LAW 1: No matter how bad your last shot was, the worst is yet to come. This law does not expire on the 18th hole, since it has the supernatural tendency to extend over the course of a lifetime.
LAW 2: Your best round of golf will be followed almost immediately by your worst round ever. The probability of the latter increases with the number of people you tell about the former.
LAW 3: Brand new golf balls are water-magnetic. Though this cannot be proven in the lab, it is a known fact that the more expensive the golf ball, the greater its attraction to water.
LAW 4: Golf balls never bounce off of trees back into play. If one does, the tree is breaking a law & should be cut down.
LAW 5: No matter what causes a golfer to muff a shot, all his playing partners must solemnly chant "You looked up," or invoke the wrath of the universe.
LAW 6: The higher a golfer's handicap, the more qualified he deems himself as an instructor.
LAW 7: Every par-3 hole has a secret desire to humiliate golfers.
LAW 8: Topping a 3-iron is the most painful torture known to man.

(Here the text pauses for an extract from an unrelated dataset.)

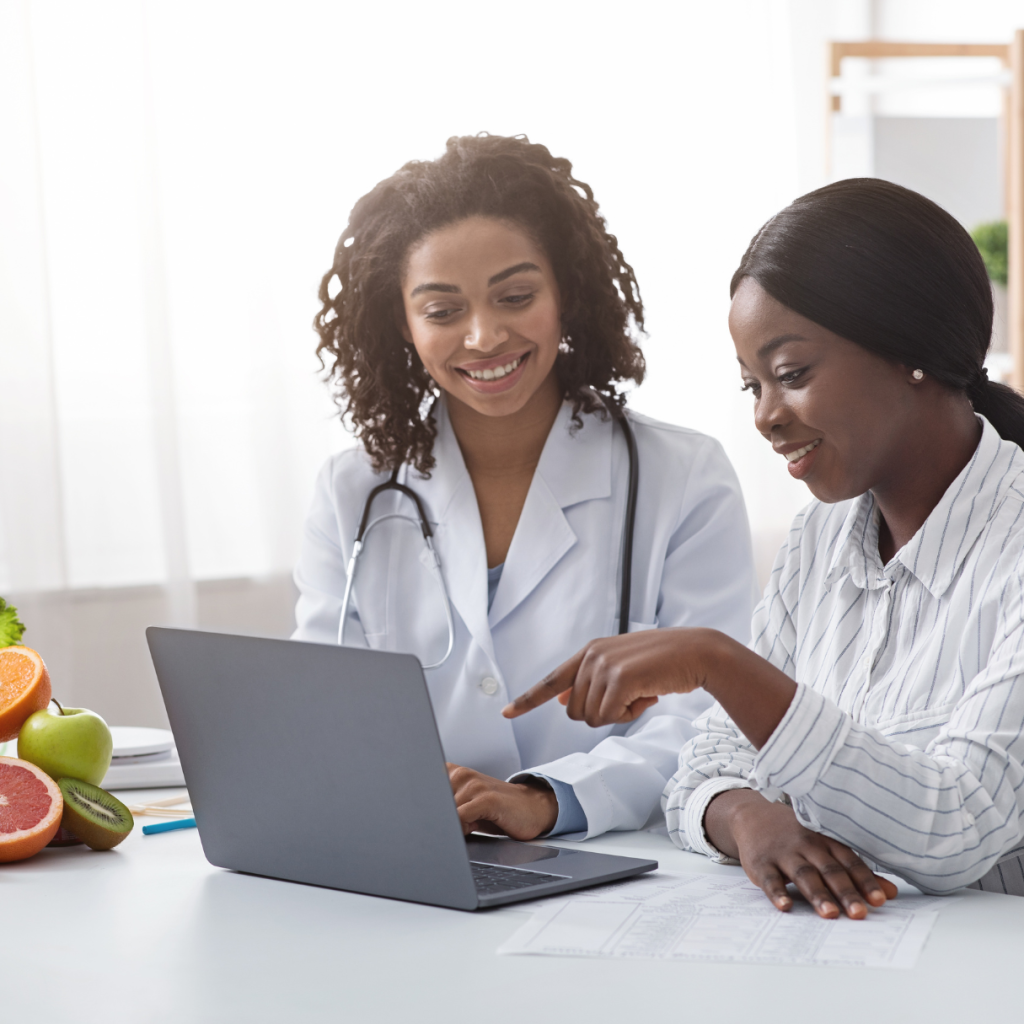 A female doctor and a woman look over a laptop.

LAW 9: Palm trees eat golf balls. (Adopted From www.surfersam.com)
LAW 10: Sand is alive. If it isn't, how do you explain the way it works against you?

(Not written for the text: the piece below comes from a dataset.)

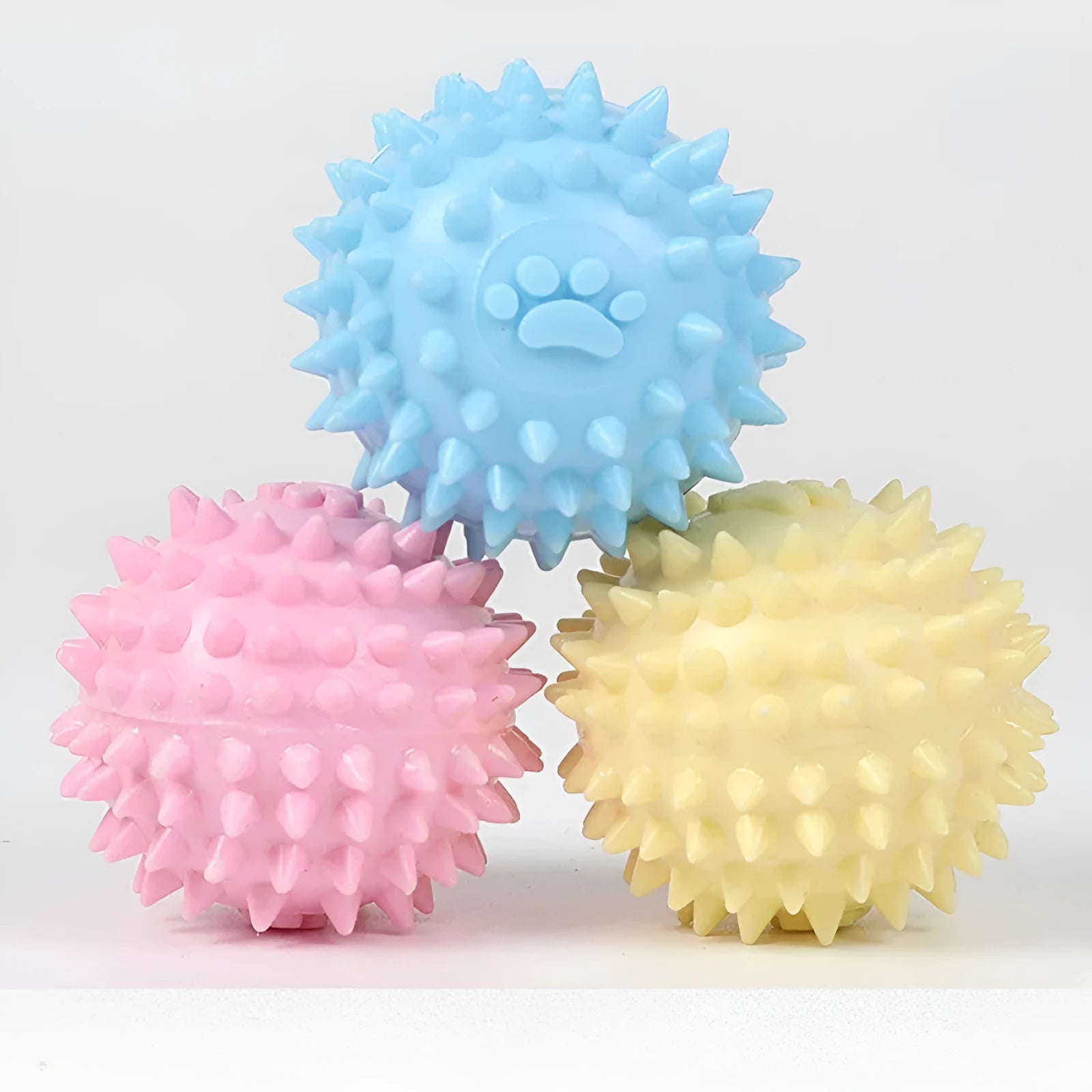 TPR dog chewing ball with footprint texture, 6cm diameter, in blue, pink or yellow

LAW 11: Golf carts always run out of juice at the farthest point from the clubhouse.
LAW 12: A golfer hitting into your group will always be bigger than anyone in your group. Likewise, a group you accidentally hit into will consist of a football player, a professional wrestler, a convicted murderer and an IRS agent -- or some similar combination.
LAW 13: All 3-woods are possessed by demons.
LAW 14: Golf balls from the same "sleeve" tend to follow one another. (See Law 3).
LAW 15: A severe slice is a thing of awesome power and beauty.
LAW 16: When they say "Nice lag," it usually means "Lousy putt." Similarly, "Tough break" usually means "Way to miss an easy one, sucker."
LAW 17: The person you would most hate to lose to will always be the one who beats you.
LAW 18: The last three holes will automatically adjust your score to what it really should be.
LAW 19: Golf should be given up at least twice per month.
LAW 20: All vows taken on a golf course shall be valid only until the sunset.